MEDIA PERSPECTIVE: Carling's defection to music seems to be perfectly timed

In marketing and advertising, as with most things, timing is of the

essence. With hindsight, Carling's decision not to pay the mega-bucks

demanded by the Premiership to renew its nine-year sponsorship looks

exquisitely timed. As City traders would say, it has got out at the top

of the market.



Whether you look at TV audiences or the growing belief that the game is

about to split itself asunder again, football's gravy train looks, in

Robert Maxwell's description of the print unions, to have hit the

buffers. So, Barclaycard's decision to hand over millions to take over

from Carling looks less felicitous timing-wise.



As our sister publication, Marketing, reported last week, Carling has

decided to hitch its bandwagon to a new vehicle - music. The news

surprised me, partly because it looked as though Carling was pumping the

money it previously spent on football into TV, and partly because, at

least in terms of the scale with which Carling is doing this, it is

moving into uncharted waters.



Carling has signed a long-term agreement with Clear Channel, the owner

of More Group and various radio interests, but also a serious promoter

of concerts and the owner of venues such as the Hammersmith and

Manchester Apollos. The exact details of the deal are, as yet, fuzzy,

but Carling will get naming rights to tours by the likes of Britney, U2

and Destiny's Child and pouring rights to concerts. It may also be able

to add its moniker to venues - hmm, the Carling Black Label Hammersmith

Apollo really rolls off the tongue.



But while the devil is always in the detail, it's the idea of

associating Carling with music that has real resonance. While other

brands have gone the same route before - remember when the Hammersmith

Apollo was the Labatt's Apollo? - they've mostly been niche brands

exploring niche associations with sub-genres.

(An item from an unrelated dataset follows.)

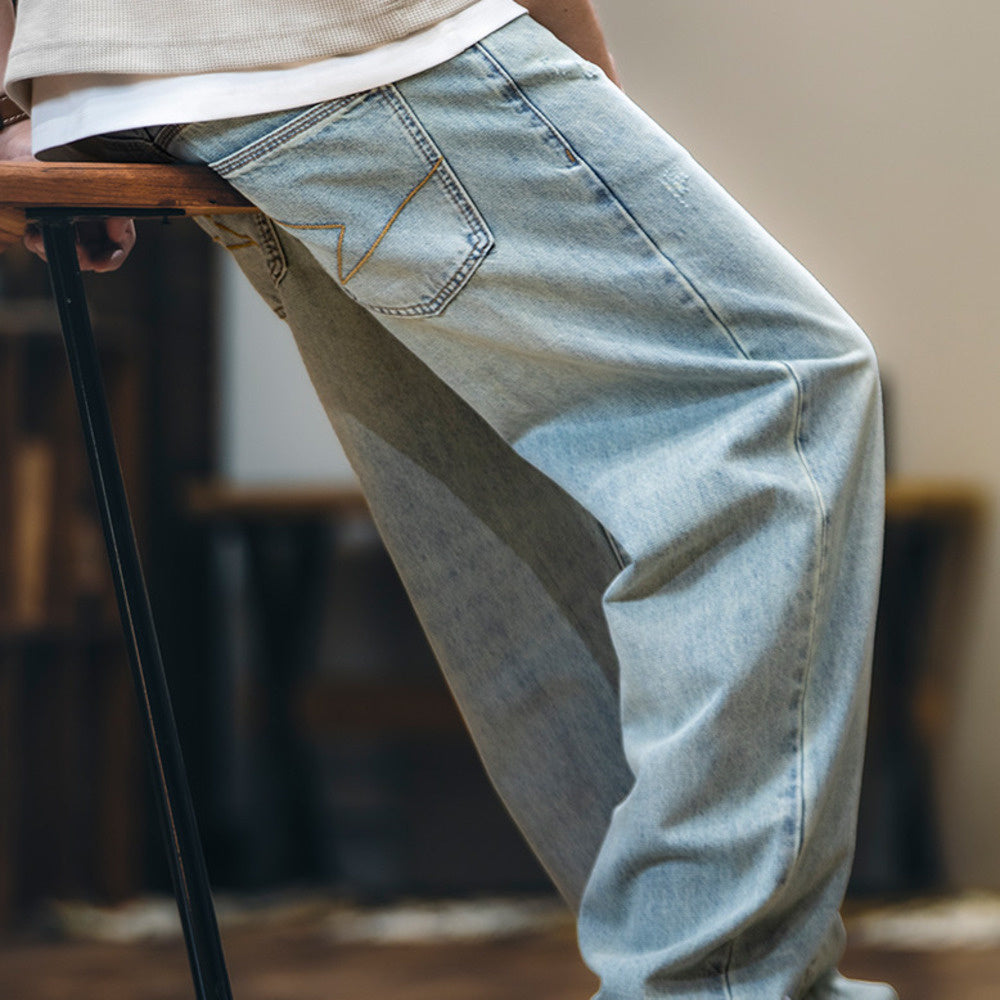 American retro Lyocell men's loose straight leg jeans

That's fine for brands that want to position themselves at the cutting

edge. Carling, however, is a mainstream brand and in the Clear Channel

roster of artists it looks as though it has found a mainstream fit that

is appropriate.



The demographics are interesting too. For all its mass appeal, the

football audience is overwhelmingly male and conservative. If Carling is

to grow, it has to reach out to new audiences that are younger, male and

female, and more adventurous in their thinking and tastes. Within the

broad framework of that ambition, however, different artists will expose

Carling to different audiences.



Pending its forced sale by Interbrew, Carling's future is uncertain -

which may put a question mark over this deal. But Carling's track record

in sponsorship is second to none. Not only was it quick to spot the rise

of football as a marketing medium, its wholehearted exploitation of that

sponsorship in every possible way was exemplary. That augurs well for

this deal.



- Claire Beale is on maternity leave.